*ACTIVITY*. In the entries below, find the line with "Avenida 28 De" and the line with "uxcell Mini Slotted". Return those two lines and all lines between them, exactly.
START SOURCE DATA
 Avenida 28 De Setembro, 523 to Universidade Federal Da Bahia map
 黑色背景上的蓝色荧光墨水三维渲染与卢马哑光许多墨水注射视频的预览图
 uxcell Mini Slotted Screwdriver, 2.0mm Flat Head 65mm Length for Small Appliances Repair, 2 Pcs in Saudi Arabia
END SOURCE DATA
START SOURCE DATA
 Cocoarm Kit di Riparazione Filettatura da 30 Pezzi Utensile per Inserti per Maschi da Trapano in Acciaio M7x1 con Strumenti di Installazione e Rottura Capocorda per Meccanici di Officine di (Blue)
END SOURCE DATA
*FINISHED TASK*.
 Avenida 28 De Setembro, 523 to Universidade Federal Da Bahia map
 黑色背景上的蓝色荧光墨水三维渲染与卢马哑光许多墨水注射视频的预览图
 uxcell Mini Slotted Screwdriver, 2.0mm Flat Head 65mm Length for Small Appliances Repair, 2 Pcs in Saudi Arabia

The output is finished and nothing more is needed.